*PROBLEM TO WORK ON*.
Repeat exactly the lines of the material below that run from the "당뇨 전단계 기준 수치와" line to the "Große Ohrclips Gitter, weiß gesiedet" line, including both, and do not carry over any pictures.

*EXTRACTED DATA*.
###

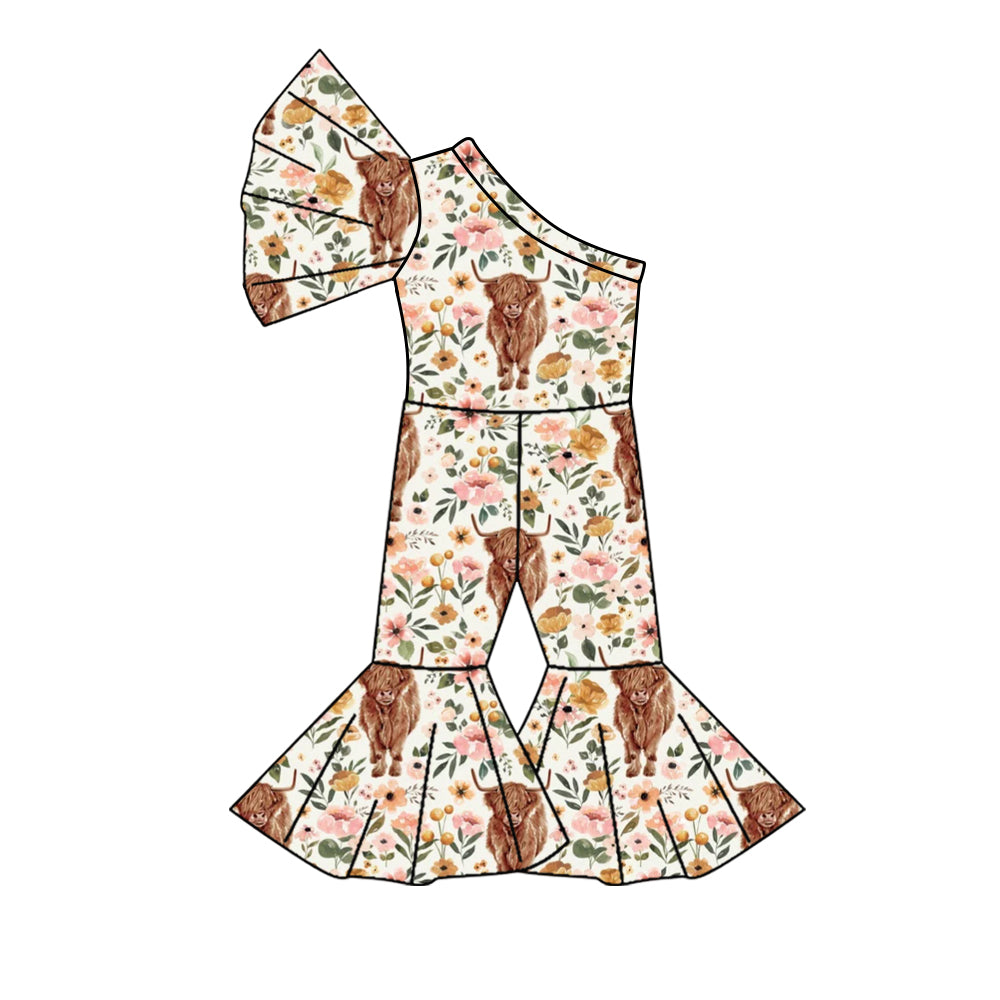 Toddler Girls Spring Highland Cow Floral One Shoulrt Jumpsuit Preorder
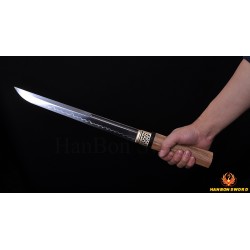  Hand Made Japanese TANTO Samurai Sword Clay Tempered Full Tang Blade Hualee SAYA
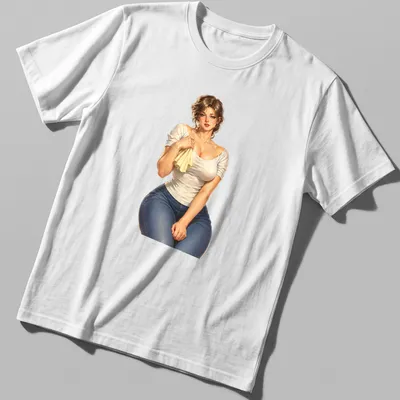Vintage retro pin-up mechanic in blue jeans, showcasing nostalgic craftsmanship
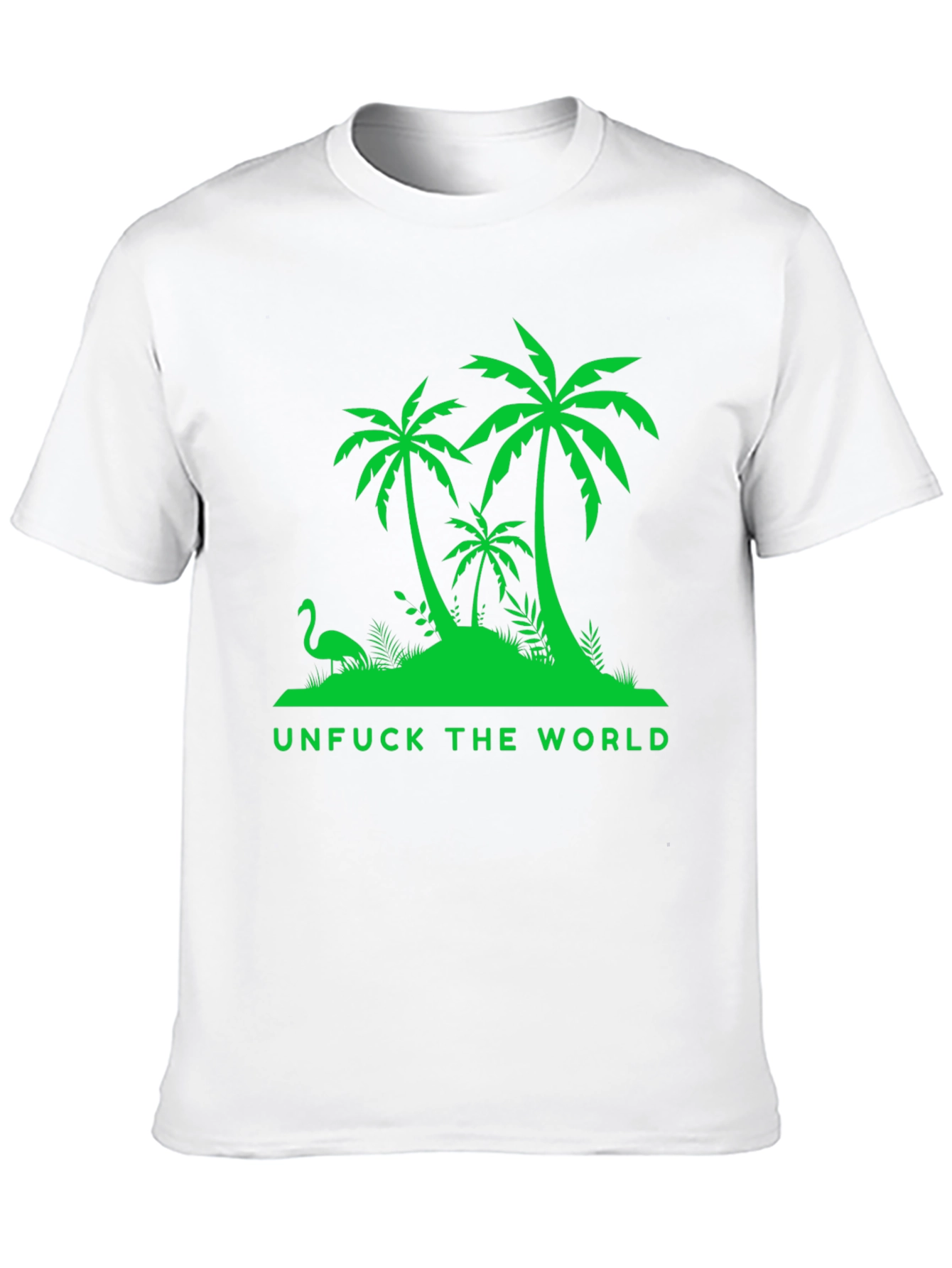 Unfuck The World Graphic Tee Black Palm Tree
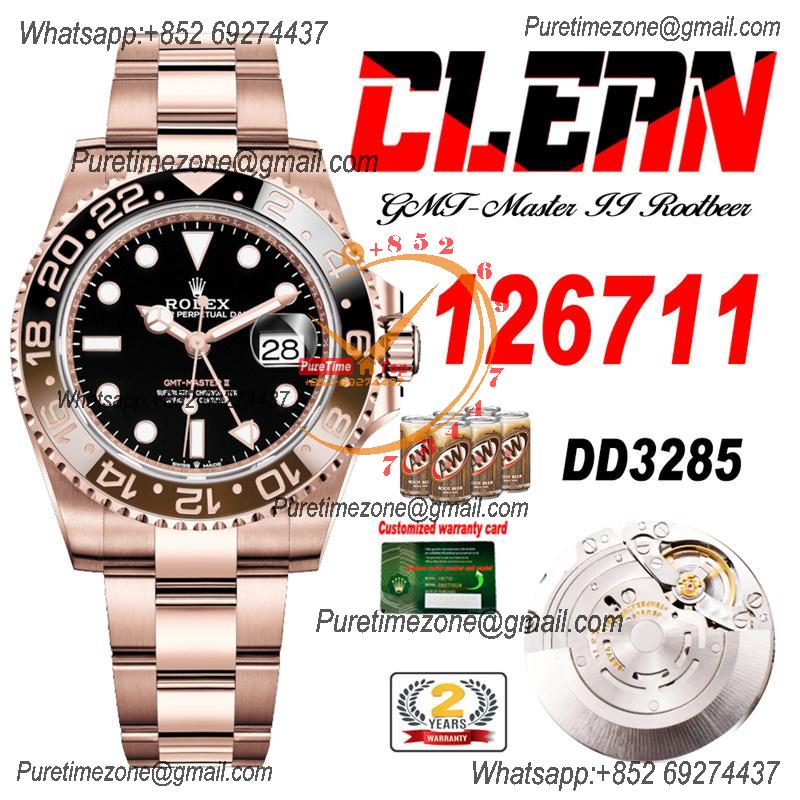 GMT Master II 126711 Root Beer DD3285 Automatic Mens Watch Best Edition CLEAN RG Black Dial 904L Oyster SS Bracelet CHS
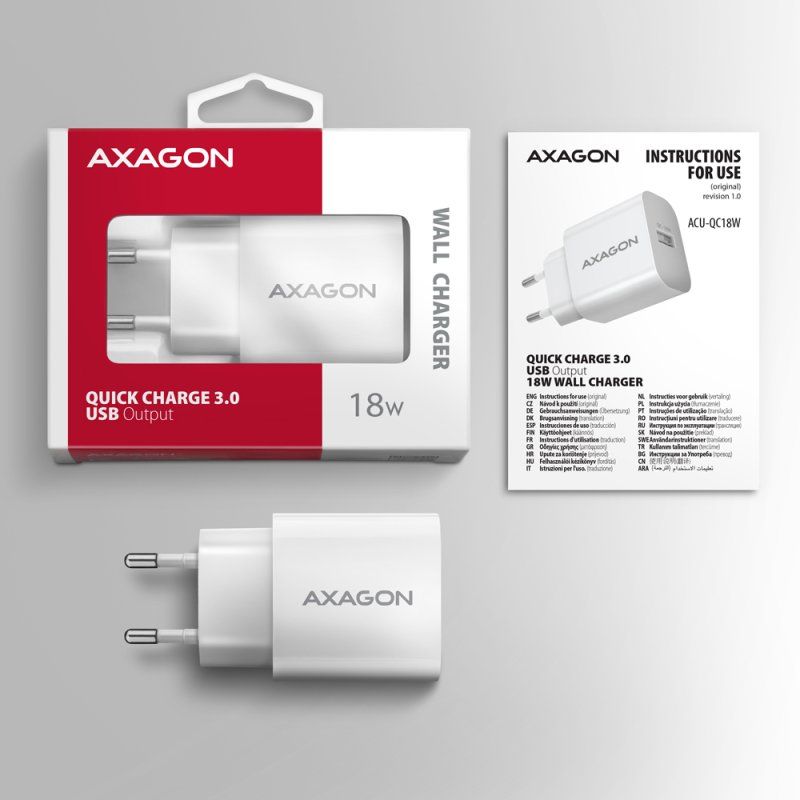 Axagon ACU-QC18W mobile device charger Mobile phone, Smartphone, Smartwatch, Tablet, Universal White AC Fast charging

###

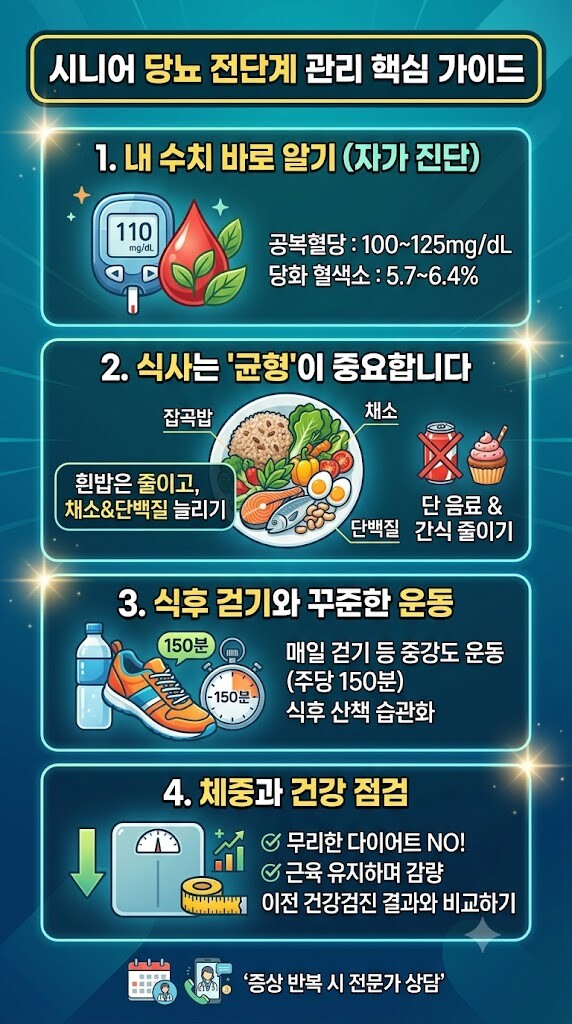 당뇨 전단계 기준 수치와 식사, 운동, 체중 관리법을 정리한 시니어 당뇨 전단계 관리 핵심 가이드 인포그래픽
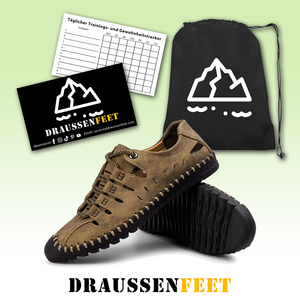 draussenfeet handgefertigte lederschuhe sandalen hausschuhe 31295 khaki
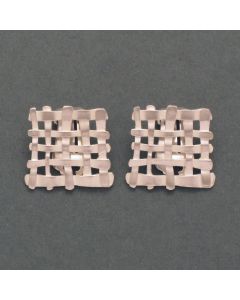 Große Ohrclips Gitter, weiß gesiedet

###

*RESULT OF THIS TASK*.
 당뇨 전단계 기준 수치와 식사, 운동, 체중 관리법을 정리한 시니어 당뇨 전단계 관리 핵심 가이드 인포그래픽
 draussenfeet handgefertigte lederschuhe sandalen hausschuhe 31295 khaki
 Große Ohrclips Gitter, weiß gesiedet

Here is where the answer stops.